Dentre os 97 casos restantes, ocorreram 25 perdas (25,8%), sendo oito (8,2%) referentes a casos em que não havia registro de endereço na ficha de ocorrência toxicológica. Assim, foram realizadas 89 visitas domiciliares (91,8%), entre as quais foram entrevistadas 72 famílias (80,9%). As 17 perdas subseqüentes ocorreram pelos seguintes motivos: duas ausências (2,1%), duas recusas (2,1%), sete mudanças de endereço (7,2%) e seis casos de endereço incorreto (6,2%). Como já referido, foram considerados ausentes os casos em que se realizaram três visitas em horários diferentes sem que o intoxicado fosse encontrado. Cabe salientar que entre os 74 casos encontrados no domicílio, apenas dois (2,7%) recusaram-se a participar da pesquisa. Não foi encontrado domicílio com mais de um intoxicado.

Na Tabela 1, são apresentadas as características sócio-demográficas dos pacientes intoxicados entrevistados. Ressalta-se que a maioria dos indivíduos foi do sexo masculino, com idades situadas entre 0 e 4 anos, de baixo poder aquisitivo e que sofreram acidentes individuais.

 

 

Em relação ao tipo de indicação do medicamento envolvido na intoxicação, 72,2% dos entrevistados referiram tê-lo adquirido mediante prescrição médica ou odontológica. Quanto ao local da aquisição do(s) medicamento(s) envolvido(s) na intoxicação, verifica-se na Tabela 2 que a maioria dos pacientes referiu ter adquirido o medicamento em farmácia de dispensação. Observa-se ainda que houve associação estatística do local de aquisição do medicamento aos estratos econômicos, uma vez que a maioria dos entrevistados das classes A e B afirmaram ter adquirido o medicamento em farmácia de dispensação, enquanto este porcentual diminuiu entre indivíduos das classes C e D.

 

 

Quanto ao recebimento ou não de informações sobre uso do medicamento envolvido na intoxicação durante sua aquisição, poucos intoxicados (23,5%) e/ou seus responsáveis relataram ter recebido informações. Não houve associação estatisticamente significativa entre o local da aquisição e o recebimento ou não de informação.
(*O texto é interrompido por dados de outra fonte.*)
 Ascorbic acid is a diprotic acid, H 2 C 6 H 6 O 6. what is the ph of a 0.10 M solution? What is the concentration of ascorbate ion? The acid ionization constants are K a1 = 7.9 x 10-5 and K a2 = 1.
Em relação ao armazenamento domiciliar de medicamentos, em 51,4% dos domicílios visitados os produtos eram guardados na cozinha, enquanto em 33,3% das residências o local de armazenamento era um dos quartos. Sala e outro cômodo qualquer perfizeram um total de 12,5%. Quanto à avaliação do local de armazenamento (Tabela 3), salienta-se o valor pouco expressivo referente a local de armazenamento considerado como muito bom. Ainda assim, observa-se que, mesmo somando-se os valores de locais considerados bom e muito bom, o valor obtido é próximo de um terço. Salienta-se nessa tabela que, em domicílios de entrevistados pertencentes aos estratos A e B, a maioria dos locais de armazenamento foi considerada bom ou muito bom (p = 0,009).

 

 

Em relação à presença de medicamentos sem identificação entre os armazenados, em pouco mais da metade dos domicílios visitados (52,9%) havia medicamento não identificado. Não houve associação estatisticamente significativa dessa variável com o estrato econômico nos domicílios visitados.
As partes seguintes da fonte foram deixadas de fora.